My ultimate goal is to use a fast csv parser in C++. I have looked at the following libraries:
- https://github.com/ben-strasser/fast-cpp-csv-parser
- https://github.com/vincentlaucsb/csv-parser#integration
- https://github.com/p-ranav/csv2
I have also come across numerous stack-overflow questions regarding CSV Parsing such as:
- Fastest way to get data from a CSV in C++
- Parse very large CSV files with C++
- Reason behind speed of fread in data.table package in R
My understanding that the fastest way to CSV parse is to use C ( obviously ), memory mapping, and multi-threading.
I've tried many of the solutions above, with csv2
coming out the fastest (https://github.com/p-ranav/csv2)
But none of these are even close to data.table
's fread
. I have tried looking through their source code (https://github.com/Rdatatable/data.table) to try and extract the fread
implementation in C. But I am struggling to incorporate it into my C++ code.
I believe the relevant files are:
dt_stdio.h
,fread.c
,fread.h
, andmyomp.h
I was wondering if there was an easy way to compile the existing data.table solution into my C++ codebase.
I think my best solution so far is using csv2
(https://github.com/p-ranav/csv2).
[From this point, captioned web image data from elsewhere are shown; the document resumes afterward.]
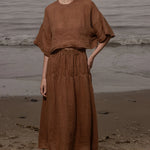 Mojave Top - Clay Tissue Linen - Heidi Merrick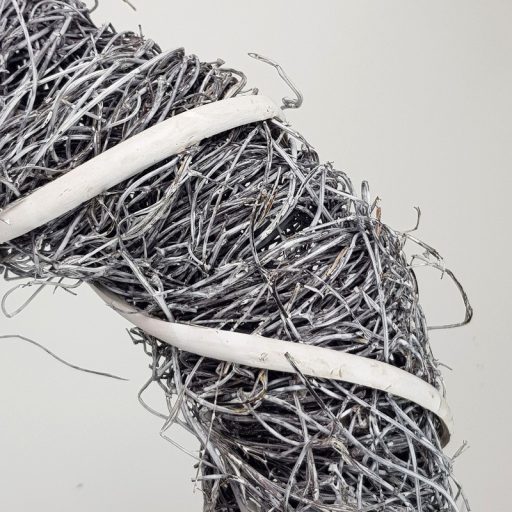 Tekert koszorú szürke 30cm – koszorúkészítéshez – Koszorú alapok, asztal- és ajtódísz kellékek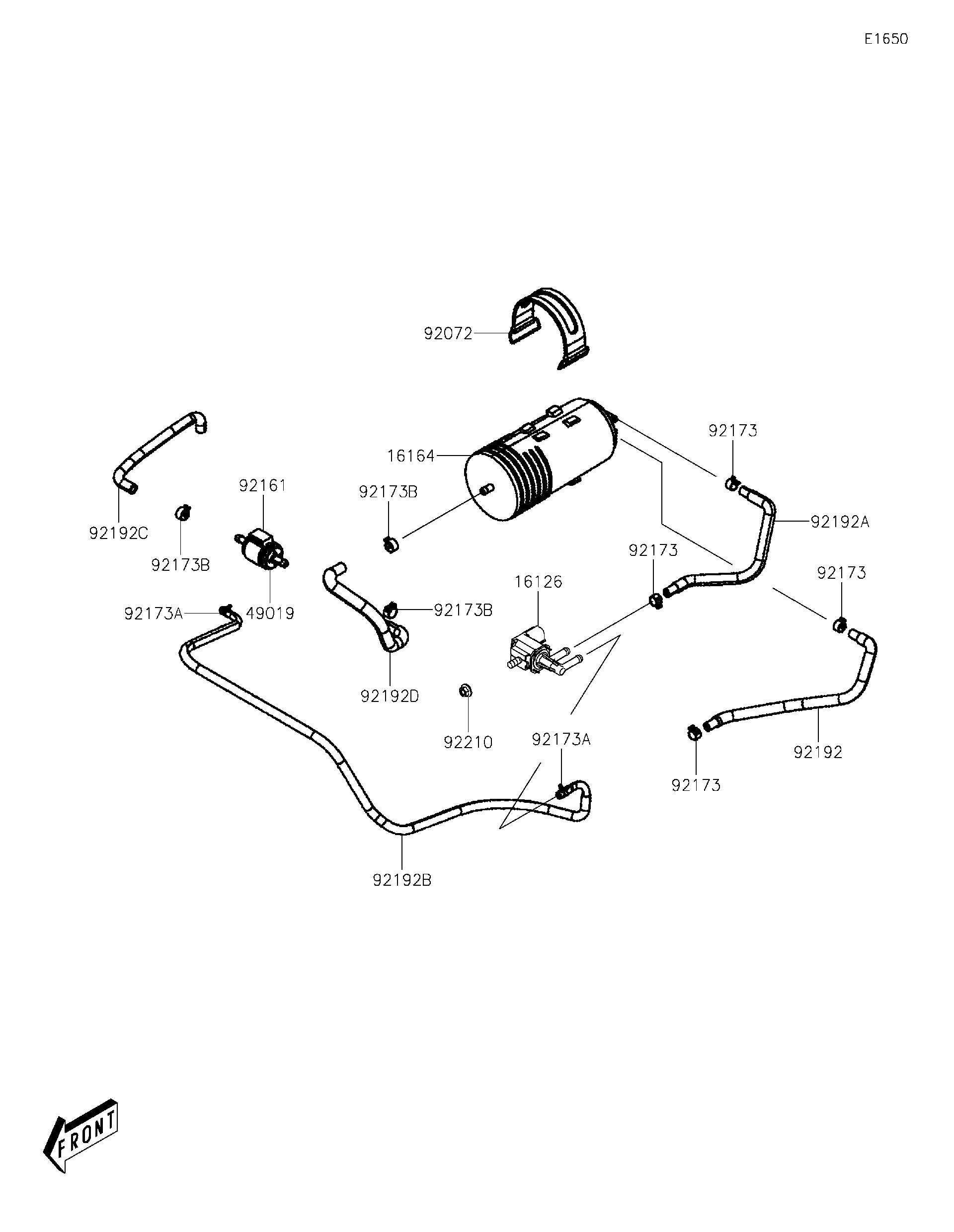 2024 Kawasaki MULE PRO-MX™ LE (KAF700CRFNN) Fuel Evaporative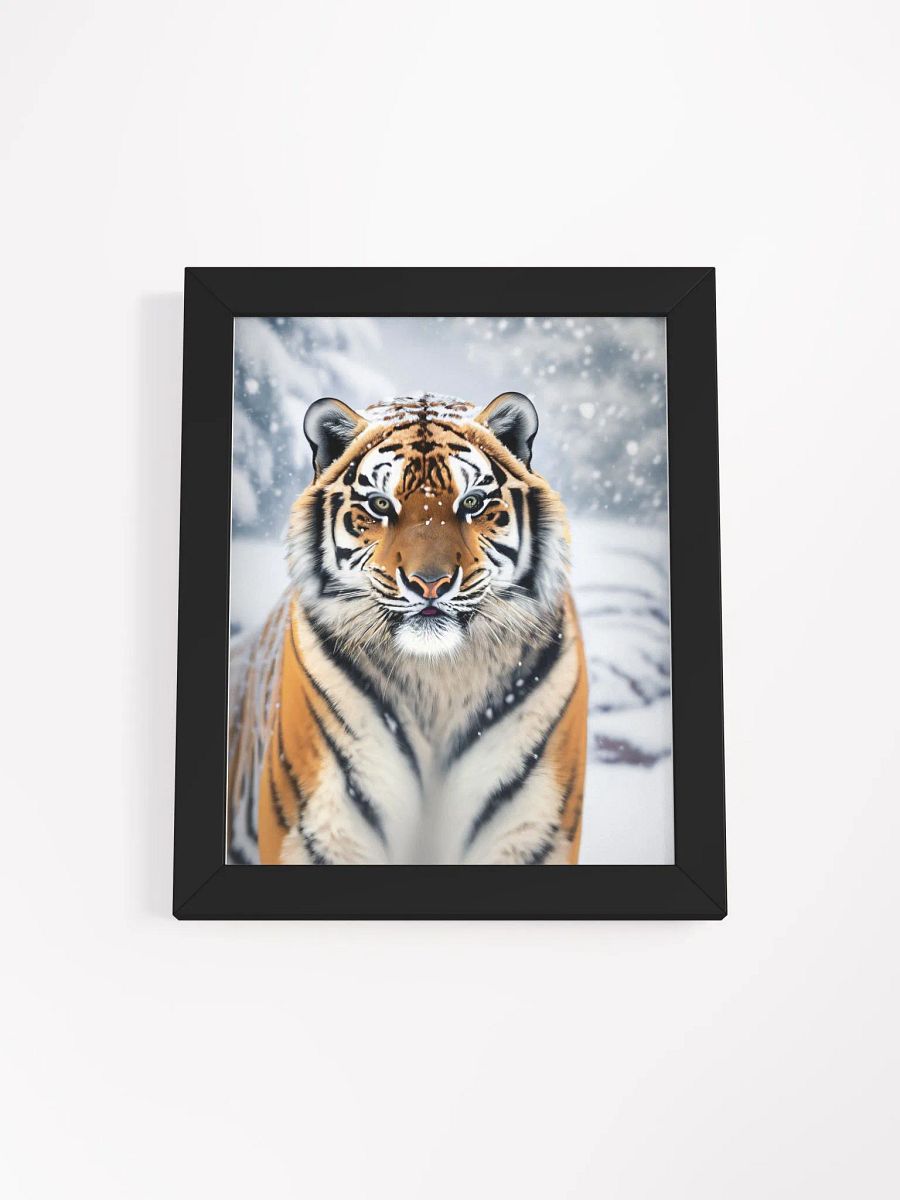 Framed High-Quality Matte Poster: A Siberian Tiger's Intensity product image (2)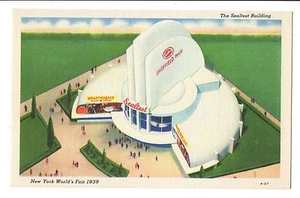 Vintage Postcard New York World's Fair 1939 Sealtest Building - Imagen 1 de 4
This gives very fast memory mapping time. I am struggling with parsing it quickly enough. Even if I just loop through the rows as in their documentation, my time goes to 2 seconds
csv2::Reader<csv2::delimiter<','>,
csv2::quote_character<'"'>,
csv2::first_row_is_header<true>,
csv2::trim_policy::trim_whitespace> csv;
if (csv.mmap(file_name)) {
const auto header = csv.header();
for (const auto &row: csv) {
// if i only loop through rows --> 2 seconds
for (const auto &cell: row) {
// if i run both loops which is probably necessary for parsing --> 17 seconds
// Do something with cell value
// std::string value;
// cell.read_value(value);
}
}
}
EDIT::
I am using G++ 11.2.0 on Windows.
my G++ -O option flag was set to 0 previously. changing it to -O3 improved performance ( @Alan Birtles).
Even after changing compiler optimization settings, I get the following results pre-parsing:
Method | Time to Read w/o Parsing | Time to Read + Parse |
---|---|---|
data.table | Not Applicable | 2 seconds |
csv2_reader | .003 seconds | 17 seconds |
csv2_reader with += 1 in loops | 6 seconds | 17 seconds |
fastcppcsvparser | 2.5 seconds | 14 seconds |
csv_parser | 17.5 seconds | not worth running |
Is there a way to get data.table
's implementation into C++
without using Rcpp
along with RInside
?
Latest Question:
I just downloaded one of the benchmark data-sets. and get the same timing. Maybe I'm misunderstanding something. but adding +=1
to count the rows and columns in the loop slows it down from .001 seconds to 6seconds. which seems weird. and then using cell.read_raw_value slows it down even further.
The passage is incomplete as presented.